STORED DATA:
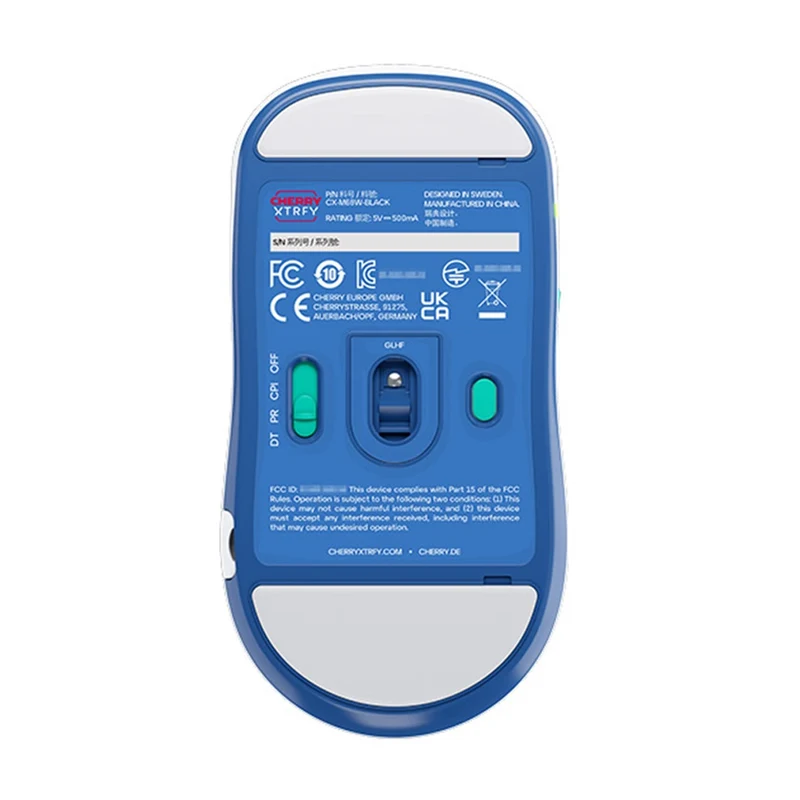 Cherry Xtrfy M68 Wireless White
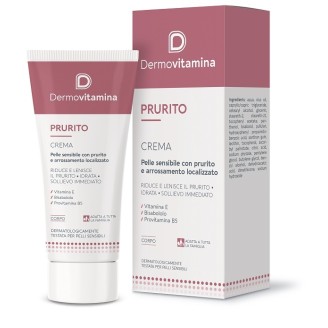 DERMOVIT Prurito Cr.30ml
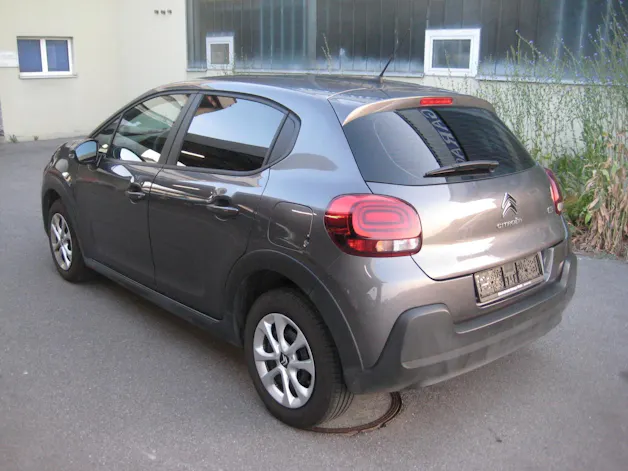 Citroën C3 1.2i PureTech Swiss Edition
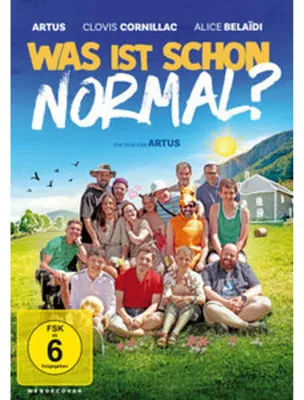 Obrázek produktu pro Was ist schon normal?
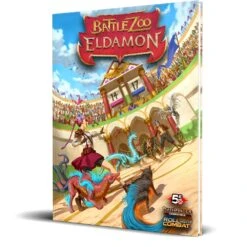 Battlezoo Eldamon - Pathfinder 2E RPG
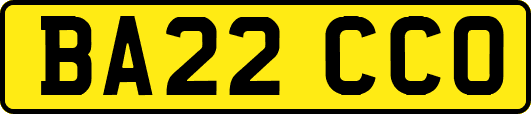 BA22CCO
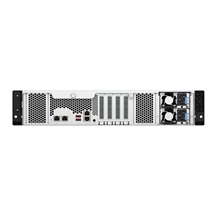 QNAP TS-h1277AXU-RP-R7-32G (Ryzen Pro 5,3GHz, ZFS, 32GB DDR5 RAM, 12x SATA, 2x 2,5GbE, 2x 10GbE)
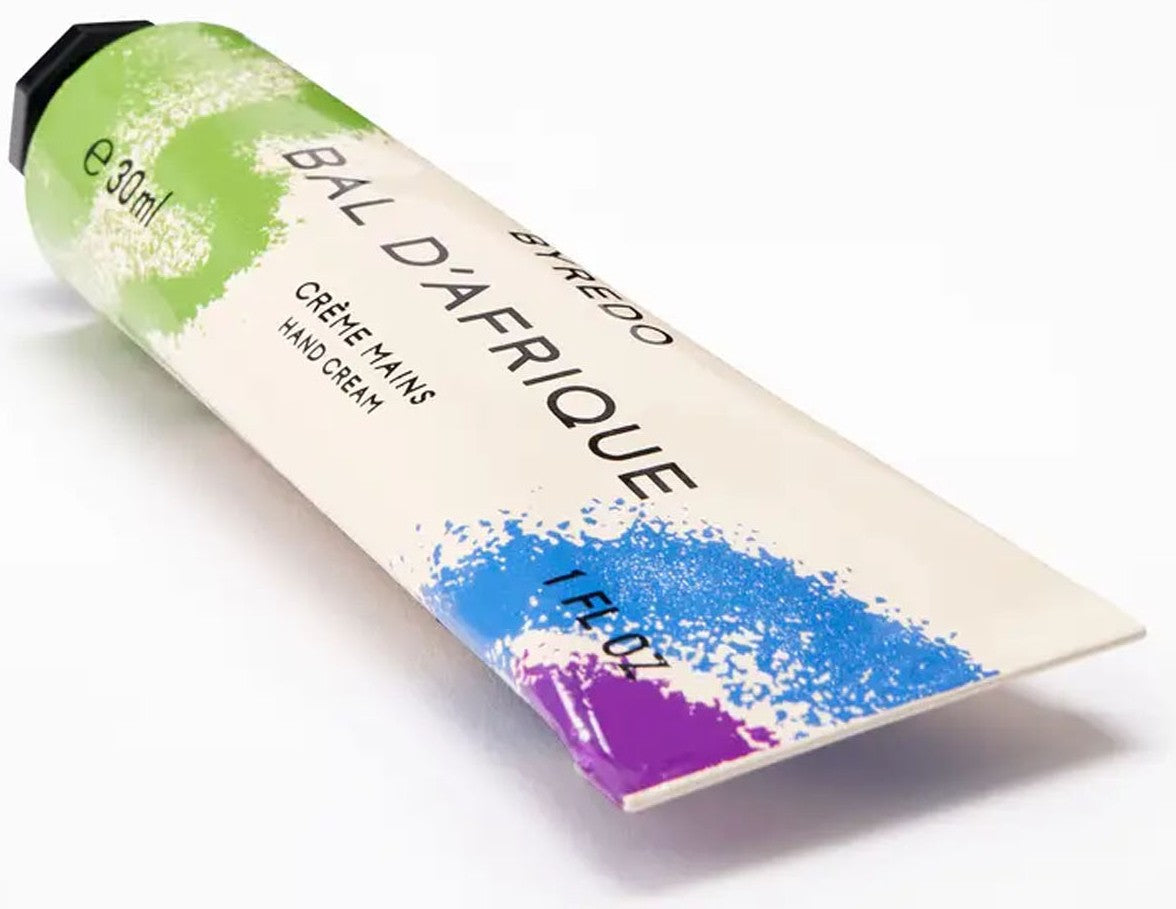 hand cream bal d'afrique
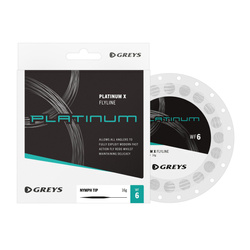 Greys Platinum X Nymph Tip F/I Fly Line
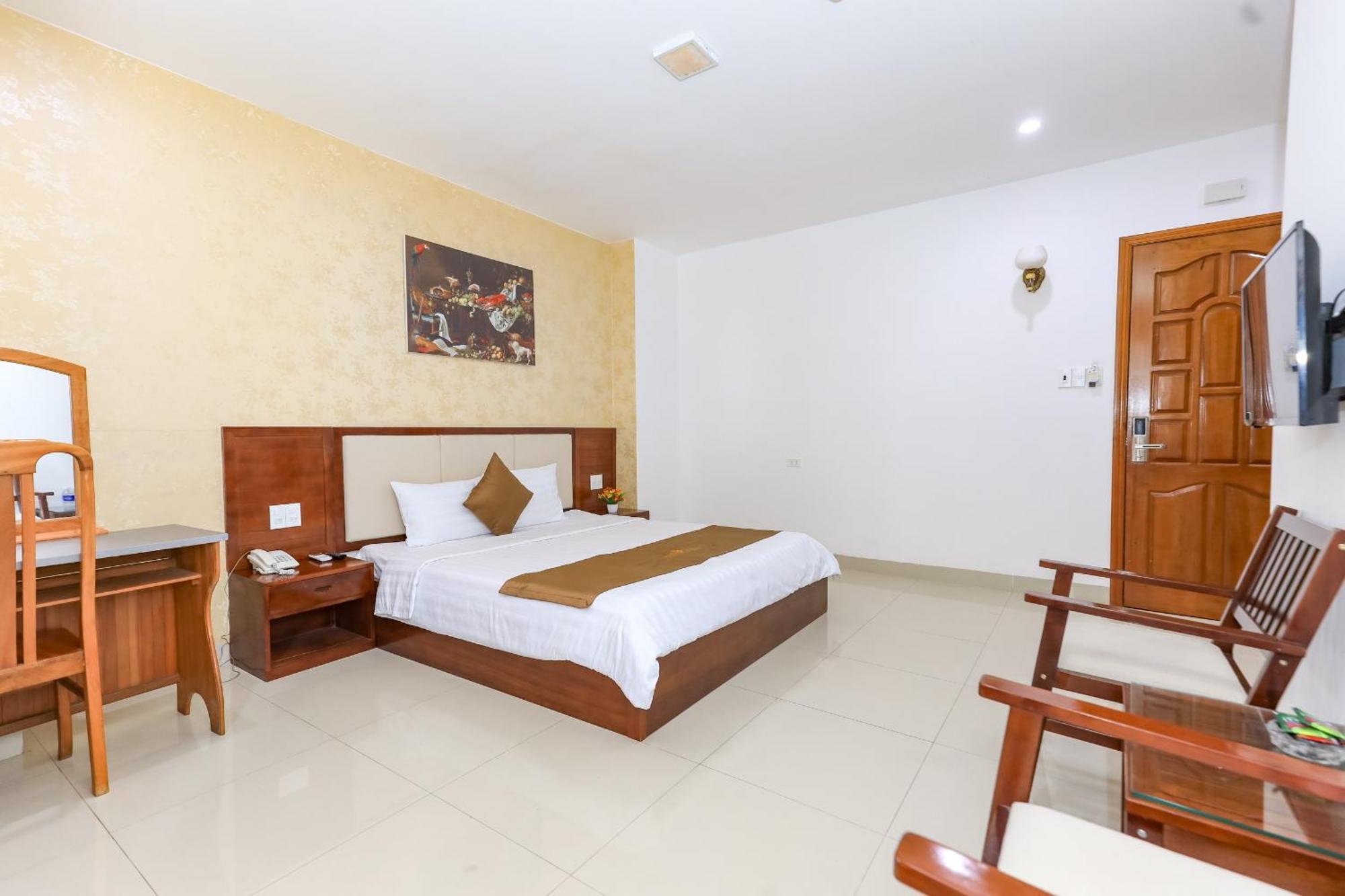 Paradis Hotel Quy Nhon Esterno foto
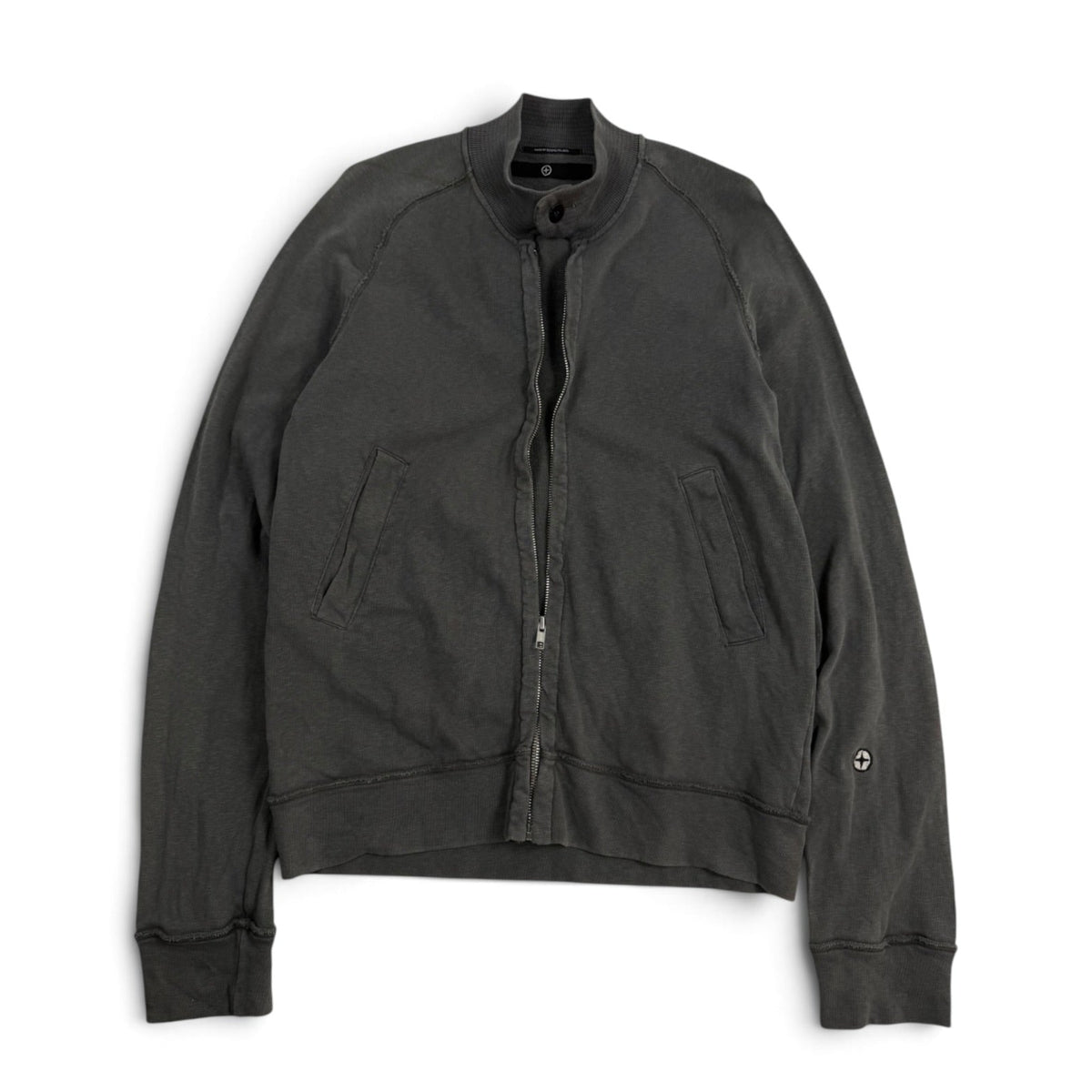 Stone Island Malfilé Fleece Jacket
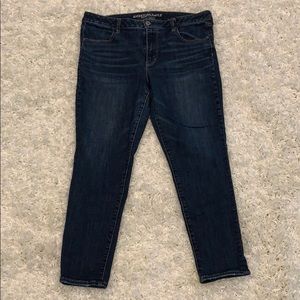 AEO High Rise Jeggings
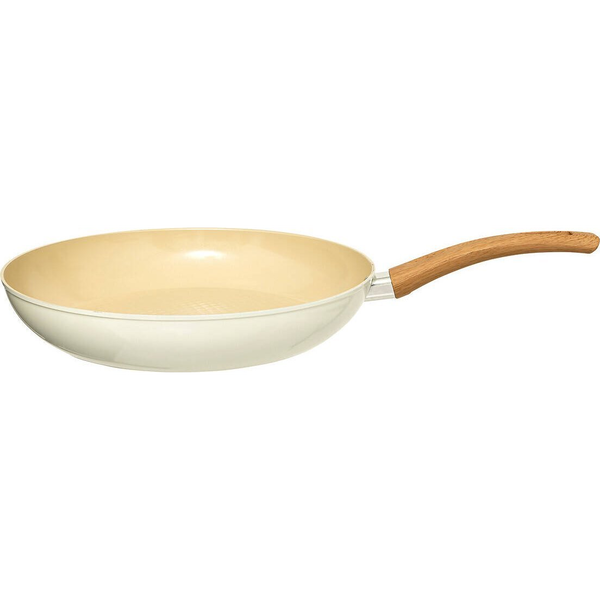 Estufa "harmony" D30cm Aluminio Forjado Beige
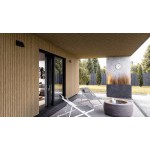 Сайдинг ТехноНиколь Фактур Рейка 50 Сосна 0,24х3 м, 10 шт/упак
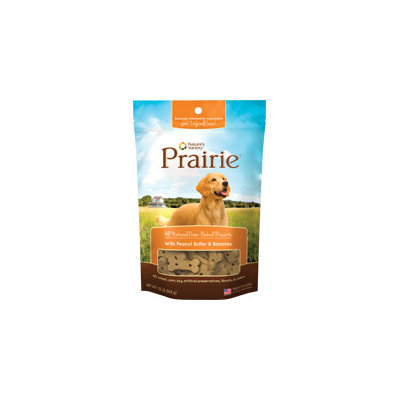 Nature's Variety Prairie Biscuits - PB & Bananas - 1.12 lb.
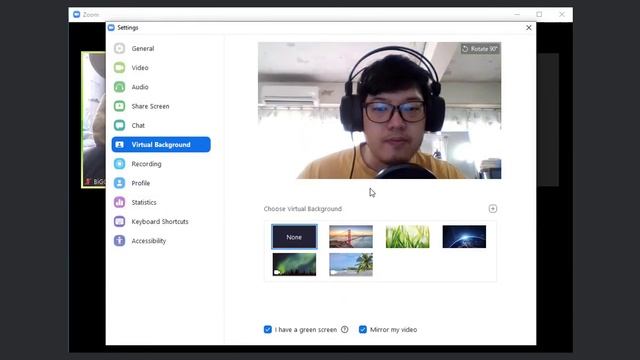 2. การใช้งานโปรแกรม Zoom Client for Meetings บนคอมพิวเตอร์ смотреть онлайн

PROBLEM DESCRIPTION:
From the line containing "AEO High Rise Jeggings" to the last line of the records, inclusive, output the lines exactly as written and nothing else; leave out the pictures.

YOUR SOLUTION:
 AEO High Rise Jeggings
 Estufa "harmony" D30cm Aluminio Forjado Beige
 Сайдинг ТехноНиколь Фактур Рейка 50 Сосна 0,24х3 м, 10 шт/упак
 Nature's Variety Prairie Biscuits - PB & Bananas - 1.12 lb.
 2. การใช้งานโปรแกรม Zoom Client for Meetings บนคอมพิวเตอร์ смотреть онлайн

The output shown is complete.